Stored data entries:
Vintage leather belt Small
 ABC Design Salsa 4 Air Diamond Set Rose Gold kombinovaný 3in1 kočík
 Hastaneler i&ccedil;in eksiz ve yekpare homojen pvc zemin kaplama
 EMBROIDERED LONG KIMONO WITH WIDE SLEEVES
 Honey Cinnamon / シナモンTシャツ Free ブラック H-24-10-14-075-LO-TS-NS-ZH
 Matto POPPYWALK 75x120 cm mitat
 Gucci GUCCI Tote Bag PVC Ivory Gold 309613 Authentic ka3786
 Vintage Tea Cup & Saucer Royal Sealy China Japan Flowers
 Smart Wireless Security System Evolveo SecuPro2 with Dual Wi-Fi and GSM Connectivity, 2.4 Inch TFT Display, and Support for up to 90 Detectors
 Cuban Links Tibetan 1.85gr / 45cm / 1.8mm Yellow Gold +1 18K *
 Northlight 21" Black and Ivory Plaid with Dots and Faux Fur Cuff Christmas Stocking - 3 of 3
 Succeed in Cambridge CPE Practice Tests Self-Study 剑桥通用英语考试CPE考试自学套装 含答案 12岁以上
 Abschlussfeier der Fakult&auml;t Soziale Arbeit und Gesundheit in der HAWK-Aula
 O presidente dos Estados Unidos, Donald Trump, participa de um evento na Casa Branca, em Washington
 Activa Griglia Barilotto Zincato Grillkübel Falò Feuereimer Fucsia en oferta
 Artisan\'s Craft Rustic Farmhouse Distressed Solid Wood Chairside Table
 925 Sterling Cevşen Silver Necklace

*Brief*. Repeat all of the records exactly.

*Exercise solution*.
Vintage leather belt Small
 ABC Design Salsa 4 Air Diamond Set Rose Gold kombinovaný 3in1 kočík
 Hastaneler i&ccedil;in eksiz ve yekpare homojen pvc zemin kaplama
 EMBROIDERED LONG KIMONO WITH WIDE SLEEVES
 Honey Cinnamon / シナモンTシャツ Free ブラック H-24-10-14-075-LO-TS-NS-ZH
 Matto POPPYWALK 75x120 cm mitat
 Gucci GUCCI Tote Bag PVC Ivory Gold 309613 Authentic ka3786
 Vintage Tea Cup & Saucer Royal Sealy China Japan Flowers
 Smart Wireless Security System Evolveo SecuPro2 with Dual Wi-Fi and GSM Connectivity, 2.4 Inch TFT Display, and Support for up to 90 Detectors
 Cuban Links Tibetan 1.85gr / 45cm / 1.8mm Yellow Gold +1 18K *
 Northlight 21" Black and Ivory Plaid with Dots and Faux Fur Cuff Christmas Stocking - 3 of 3
 Succeed in Cambridge CPE Practice Tests Self-Study 剑桥通用英语考试CPE考试自学套装 含答案 12岁以上
 Abschlussfeier der Fakult&auml;t Soziale Arbeit und Gesundheit in der HAWK-Aula
 O presidente dos Estados Unidos, Donald Trump, participa de um evento na Casa Branca, em Washington
 Activa Griglia Barilotto Zincato Grillkübel Falò Feuereimer Fucsia en oferta
 Artisan\'s Craft Rustic Farmhouse Distressed Solid Wood Chairside Table
 925 Sterling Cevşen Silver Necklace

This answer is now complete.